Later, she worked at a newspaper proofing copy as articles flew down a chute at her. She no longer had the luxury of quiet time to write, but she found a way to write with the loud noises of the printer banging around her and in the snippets between the times articles shot down the chute. She had more acceptances during this period.
Eventually, however, she had to return home to care for her ailing grandmother, who had raised her. At this point, she managed to sell dozens of short stories, and she kept sending them off, something easy to do since the family ran the local post office. (In fact, that's how she sent off her first submission without anyone ever knowing about it.)
During a particularly harsh winter, she had a deep depression and nervous breakdown, and the local minister, named Ewan, a bachelor, became a dear friend who helped her through that time. He proposed, and she accepted, on the condition that she couldn't marry until her grandmother had passed away. He agreed, but his ministry called him away a year or so later, and they had a long-distance engagement for several years.
She admitted in her journal that she was never "in love" with him, but she loved him dearly as a friend and couldn't imagine her life without him, but at her age, that was the best she could hope for.
During this time, she decided to try her hand at a novel instead of short stories. She flipped through her idea notebook, where she always jotted down random ideas that came to her, and she came across one that seemed like a fun one to explore: a couple who wants to adopt a boy and accidentally gets sent a girl.

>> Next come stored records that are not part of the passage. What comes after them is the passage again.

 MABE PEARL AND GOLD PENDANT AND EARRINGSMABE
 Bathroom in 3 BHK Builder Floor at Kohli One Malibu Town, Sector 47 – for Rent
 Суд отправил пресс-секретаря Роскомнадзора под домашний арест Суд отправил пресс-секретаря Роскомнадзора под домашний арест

That book was rejected a few times, but eventually it found a home. Anne of Green Gables was published in 1908 and became a break-out success.

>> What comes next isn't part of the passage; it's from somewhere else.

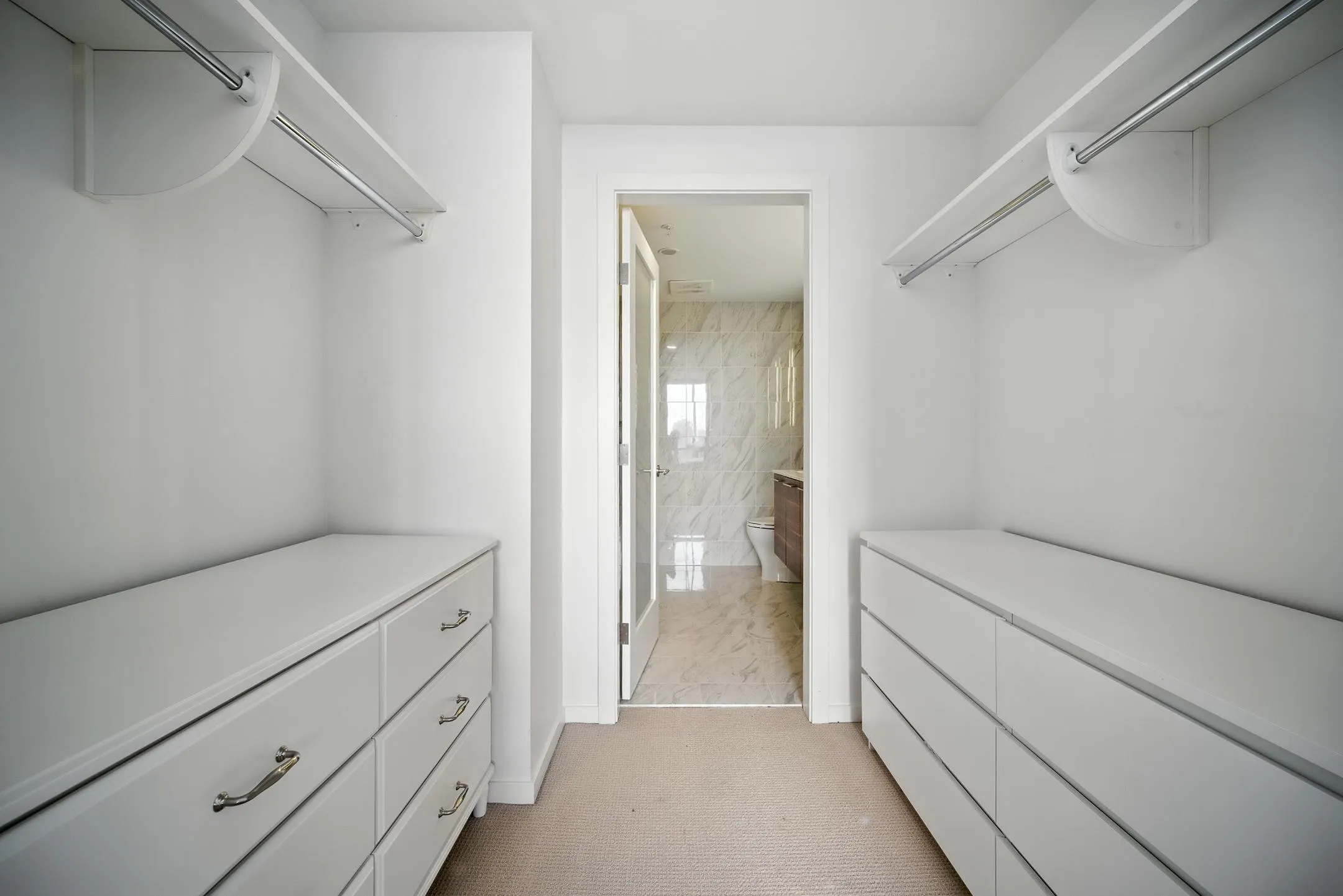 1502 8588 Cornish Street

In the last 101 years, it has since been translated into dozens of languages, made into several movies and a musical, and continues to be a beloved classic. Her readers demanded many sequels. Her life as a famous novelist began.
When her grandmother died, Ewan returned, and they married. She was 38.

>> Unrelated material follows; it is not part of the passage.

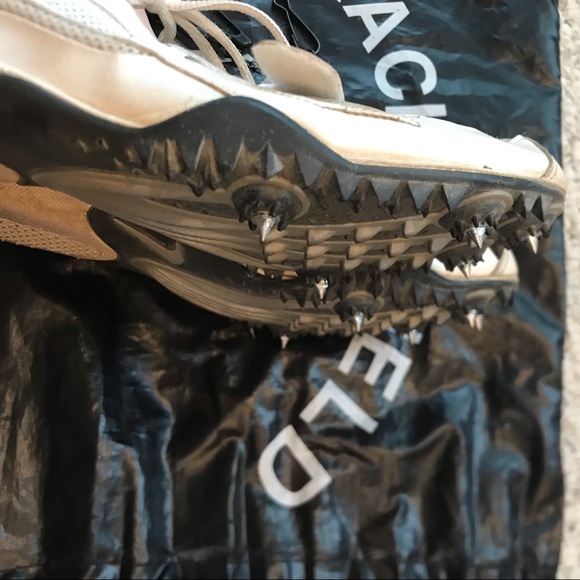 bowerman track spikes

Right away, they left what was her home and moved far away. She would never live there again, only visit it, but she most of her future writing career would be focused on her old stomping grounds, and the world would love her for it.
She had three children, all boys. The second was stillborn due to a knot in the umbilical chord. She named him after her father, Hugh. She never quite got over losing him, even giving a similar loss to a character in one of her books.
In spite of the happy, almost magical, tone of her books, she led a sad life filled with depression, largely due to her husband's mental illness and tendency toward being a hypochondriac. Her eldest son, Chester, gave her much grief, failing in college, having an extra-marital affair, becoming a liar and a cheat, and so forth--things that made her completely heartsick.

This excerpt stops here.